Mona Hatoum has returned to the scene of her solo museum debut with a large-scale retrospective at the Centre Pompidou, which helped to launch her career back in 1994 when she was transitioning from performance and video art to sculpture and installation. The current exhibition (on view in Paris through September 28, and touring next year to the Tate Modern and the Kiasma Museum of Contemporary Art, Helsinki) features more than 100 works by the Palestinian-British artist, including many of her now-signature installations—subtly political, Minimalism-inflected combinations of light, metal, and glass that hint at issues such as identity and imperialism.
In this excerpt from Phaidon’s Defining Contemporary Art, the curator Connie Butler recalls her experience with Hatoum’s seminal 1989 work The Light At The End. More information on Hatoum’s work and career can be found in the Phaidon monograph Mona Hatoum, part of the Contemporary Artist Series.
What I vividly recall about The Light at the End, which I saw in a show at New York’s Grey Art Gallery in 1991, is a visceral, physical response so strong it is still lodged in my kinaesthetic memory. The group exhibition was titled “Interrogating Identity” and it was striking to see so abstract a work in an exhibition laden with the discourse of identity politics that characterized that time. Moving from the lighted, street-facing galleries into the dark, claustrophobic environment of Mona Hatoum’s installation was a shock to the system. As one’s eyes adjusted to the thick darkness, at the back of a long, narrow space a vertical row of six heating rods became gradually visible, illuminated by a single spotlight. What from afar resembled a cool minimalist form – six perfect red lines in space – quickly became more menacing as one became aware of the searing heat emanating from it. Moving closer, one’s own body became the performative vehicle for the production of meaning. Measuring the distance between the rods as roughly approximate to the width of a head, one was forced to physically acknowledge one’s own space and bodily dimensions in relationship to the work.
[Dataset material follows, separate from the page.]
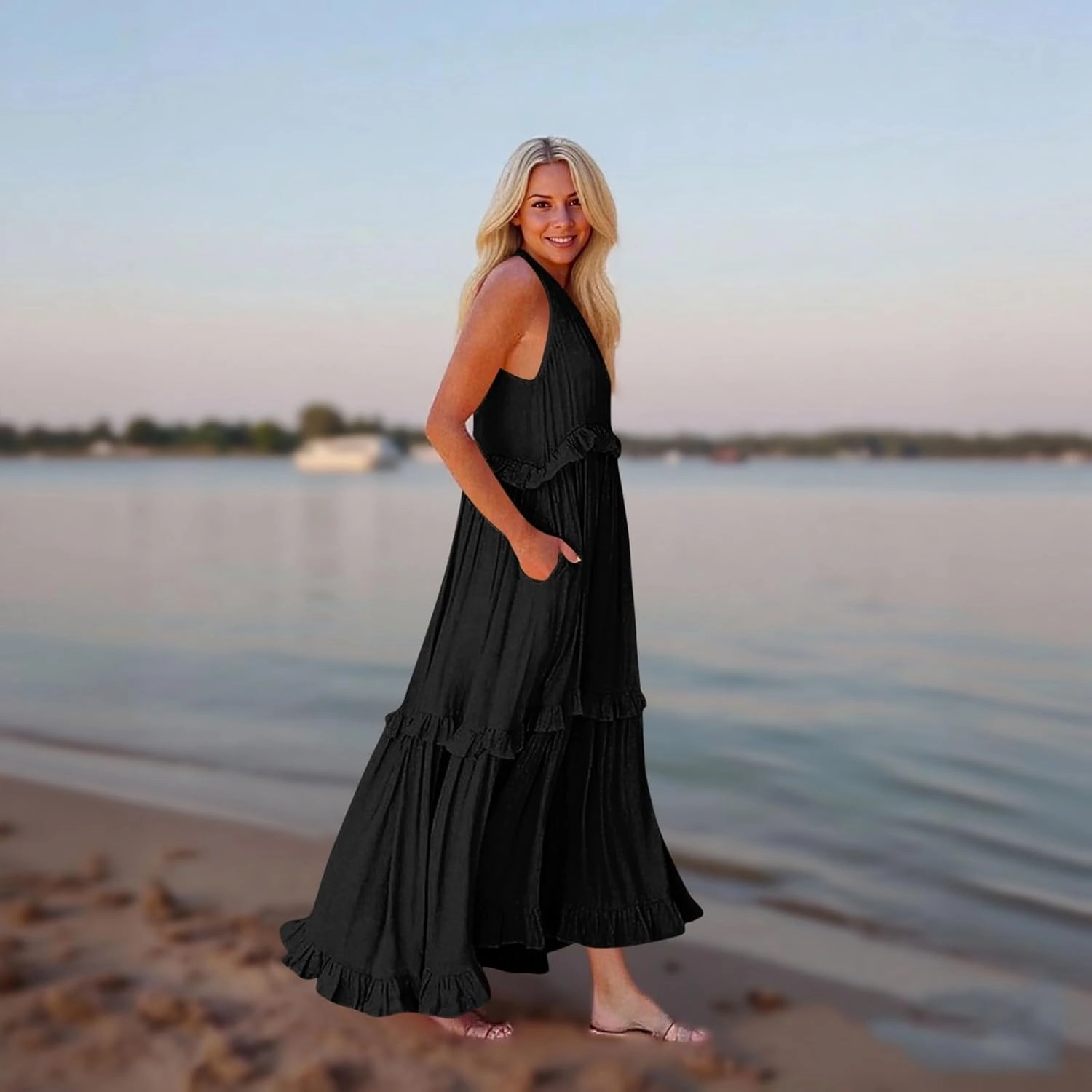 Womens Maxi Dress Sleeveless Sexy Tiered Flowy Summer Tank Dresses Loose Smocked Ruffle Swing Beach Long Sundress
Taunting the desire for a happy end, the grid functioned as a prison or a device of torture and immanent harm.
Looking at the titles of group exhibitions in which Hatoum was included at the time (“The Interrupted Life,” “Shocks to the System: Social and Political Issues in Recent British Art,” “The Other Story: Asian, African and Caribbean Artists in Post-War Britain”) indicates how her works’ rigorous geometry and the reductive seriality of her cold, often charged materials yielded a social or political reading. In Light Sentence (1992) – another major piece from this body of work using light, a grid and the presence of real or implied danger – a structure made of stacked cages illuminated by a bare bulb is made ethereal as the bulb moves slowly up and down and the vertiginous shadows grow and shrink. As in The Light at the End, the effect on the viewer was unsettling, even nauseating, and unforgettable. The conflicting realities of vision and obfuscation, immutable physical experience and an enervating sense of tension and bodily harm are calibrated with a precision that anticipates such later works as Alfredo Jaar’s Lament of the Images (2002) or the grotesque and affecting institutional interventions of Mexican artist Teresa Margolles.
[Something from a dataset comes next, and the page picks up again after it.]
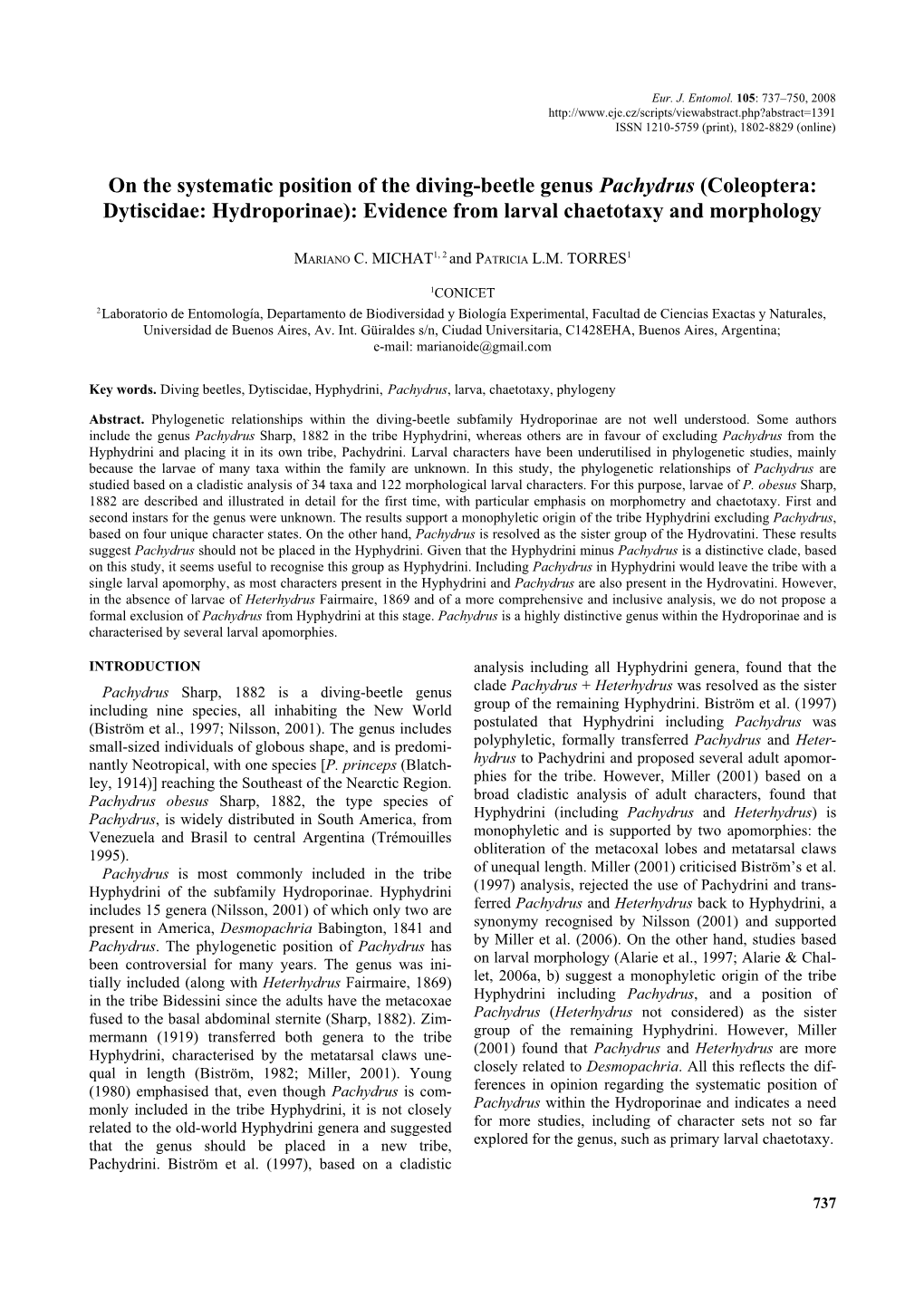 Coleoptera: Dytiscidae: Hydroporinae): Evidence from Larval Chaetotaxy and Morphology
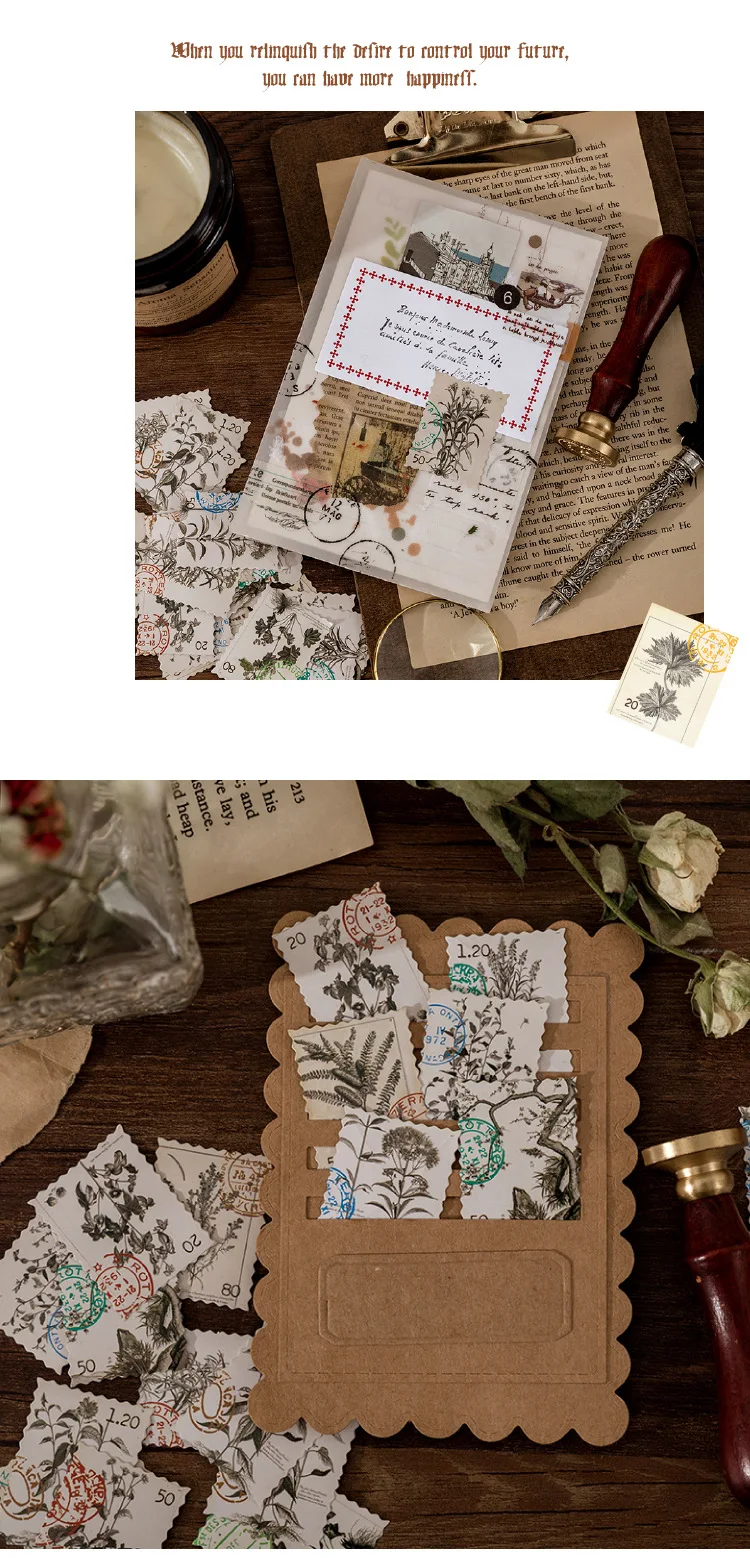 46PCS Vintage Sketchbook Stickers Retro Plant Stamps Creative Leaf Sealing Flakes Scrapbooking Girl School Supplies Stationery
The Light at the End is generally considered the starting point of a new phase in Hatoum’s practice, though it is clearly grounded in her earlier thinking. As an art student in London in the late 1970s, she experimented with performance art and video, and later continued to create works in these mediums to challenge common taboos that isolate the reality of the human body. In Waterworks (1981), footage from cameras in the men’s and women’s lavatories were intended for display on a monitor in a public gallery’s hallway, revealing a very familiar activity that is always hidden. In other performances from the 1980s, Hatoum employed her own body, dragging herself through a park in Bracknell, Berkshire, in Them and Us … and Other Divisions (1984), and sequestering herself in the shantylike space she created for Matters of Gravity (1987), visible to the viewer only through a small hole as she struggled to interact with everyday objects – a bed, a chair – stuck to the wall.
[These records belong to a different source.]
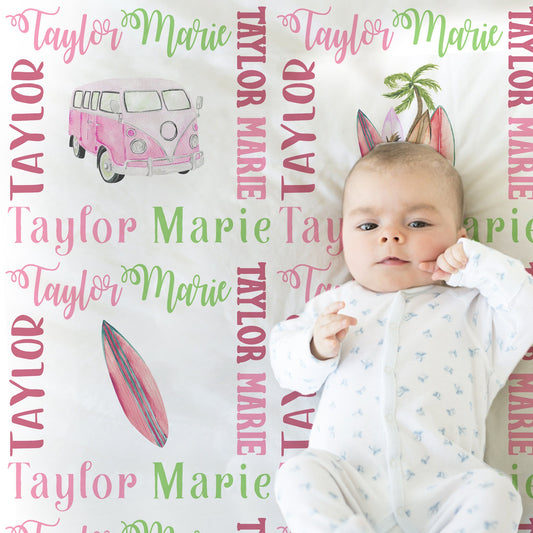 Personalized Baby Name Blanket Girl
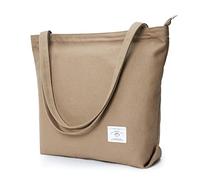 KALIDI Borsa tote in tela da donna con cerniera, casual, con tasca interna, grande, borsa per la spesa, borsa da spiaggia, per donne e ragazze, scuola, lavoro, shopping, cachi, Large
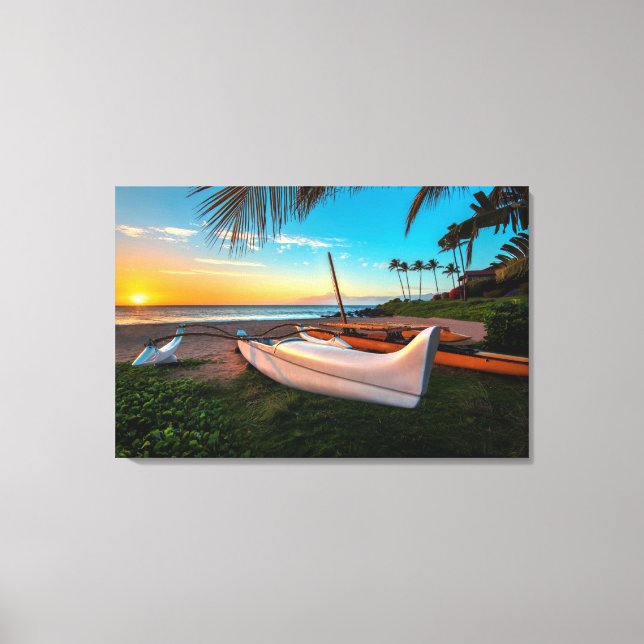 South Maui Beach at Sunset | Maui, Hawaii Canvas Print (Front)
This idea of barriers – between people in different circumstances, between people’s physical realities and their acceptance of them, a sense of the uncanny and the apprehension of danger in the formerly innocuous – is critical to The Light at the End and is increasingly operative in her more recent work. Hatoum has said, “The Light at the End was the beginning of a whole new way of working. In a sense with this work I was going back to a minimal aesthetic and working with certain material properties which amplify the concept. The associations with imprisonment, torture and pain were suggested by the physical aspect of the work and the phenomenology of the materials used. It was not so much a representation of something else but the real thing in itself. I felt satisfied for the first time that the balance between the issues, the materials and the space was just right for me. It also had this paradoxical aspect of being both attractive and repulsive. It was obscene. The space at the back of the Showroom [the London gallery where it was first shown] is this strange funnel shape, which made me think of a trompe l’oeil perspective of a tunnel. The expression ‘the light at the end of the tunnel’ came to mind, and I used it in the title to set up the expectation of something positive which is then disrupted when you realize that the light was actually red hot bars that could burn you to the bone.”